41.  Nationalism - It is loyalty and devotion to one’s own country and the placing of it above all others.

42.  Archduke Franz Ferdinand - He and his wife Sophie went on a trip to Bosnia and were riding through the town of Sarajevo, when a fanatic Serbian high school student shot and killed both of them. His murder sparked a chain of events that resulted in World War I.

43.  Allies or Allied Powers - They are one of the sides in World War I. They are Great Britain, France, Russia, Belgium, Serbia, Japan and later the United States.

44.  Central Powers - They are one of the sides In World War I. They are Germany, Austria-Hungry, Turkey, and Bulgaria.

45.  Stalemate - Deadlock

46.  Trench Warfare - It was the style of fighting on the western front in World War I. Each side dug ditches 6 to 8 feet deep and wide enough for two men to pass. Dugouts in the sides of the ditches protected men during enemy fire. There were at least four sets of ditches paralleling each other with communication ditches connecting them. Defense was supreme in this style of fighting because of the machine gun.
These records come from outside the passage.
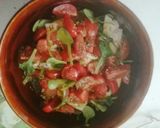 Madársaláta mozzarellával és koktélparadicsommal recept fázis 2 fotója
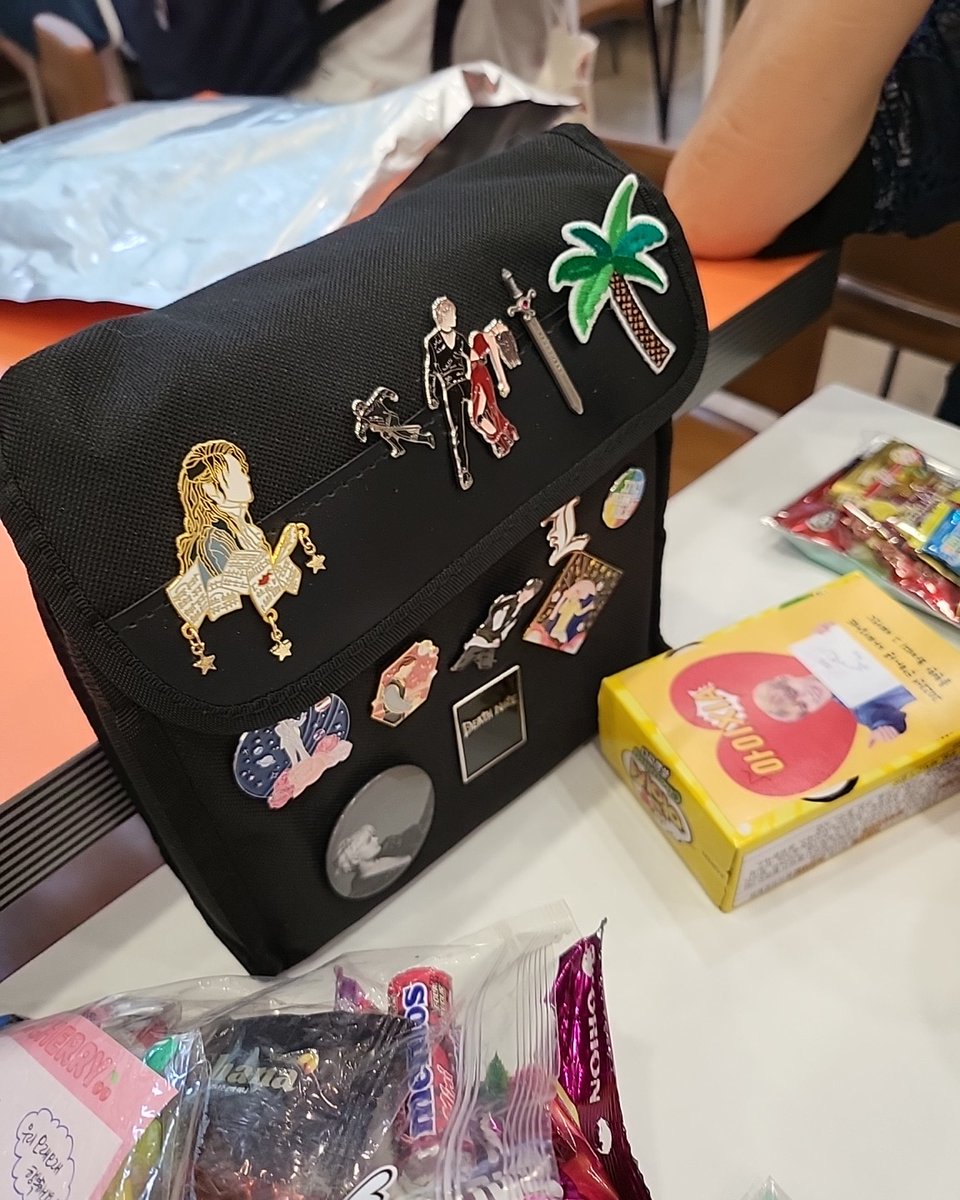 뱃지받으러 오세요
1층카페있습니다.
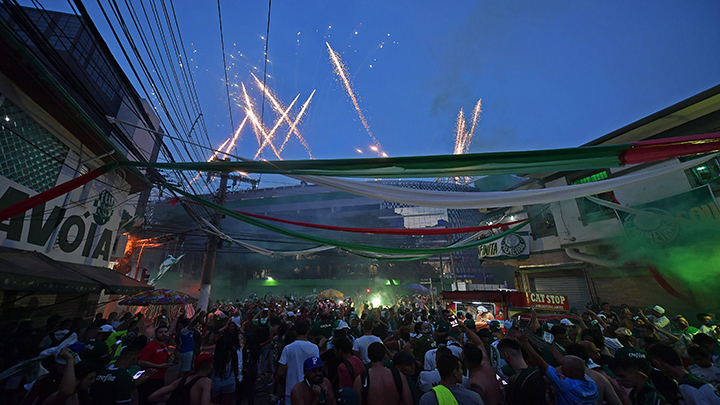 Los fanáticos del equipo de fútbol brasileño Palmeiras celebran después de ganar la final de la Copa Libertadores 2020 contra el Santos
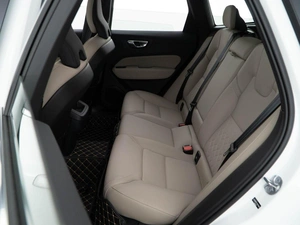 Внедорожник Volvo XC60 2025 года, 6198999 рублей, Москва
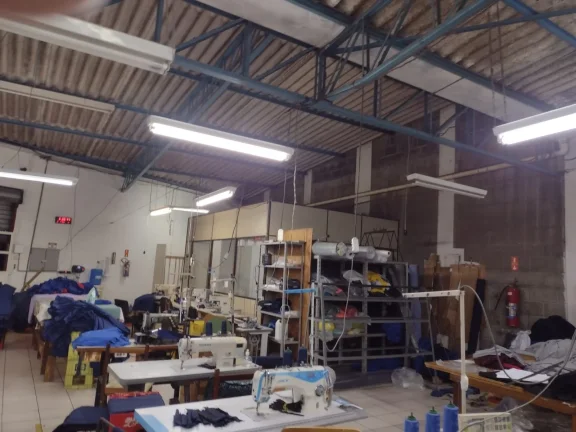 Imagem Casa/Salão, venda e compra, Santa Terezinha, Várzea Paulista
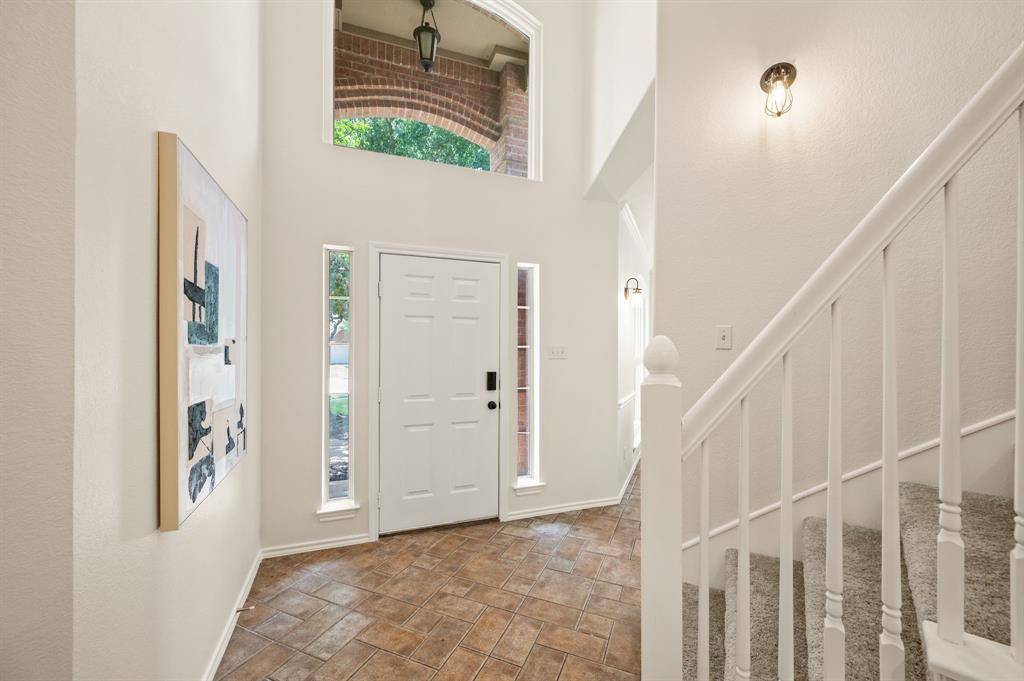 9045 Tyne Trail, Fort Worth, TX 76118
47.  Propaganda - It is the planned spreading of ideas, information, or rumor for the purpose of helping (or hurting) a cause or government. Before and during World War I nationalism was taken to an extreme level using these advertisements to whip up the effort against the other side. Patriotic and anti-enemy posters, films, rallies, parades, advertising were all used.

48.  Zimmermann Telegram - It was a secret message from, Germany to its Mexico embassy instructing the ambassador to urge Mexico to attack the United States and recover territory it lost in its 1848 war with the U.S. When this became known in the U.S., it was a cause of the U.S. entering World War I.

49.  Wilson’s War Message - It was President Wilson’s address to Congress and the nation on April 2, 1917. Among other things he said “...the world must be made safe for democracy....” He asked Congress to declare war and side with the Allies in the Great War.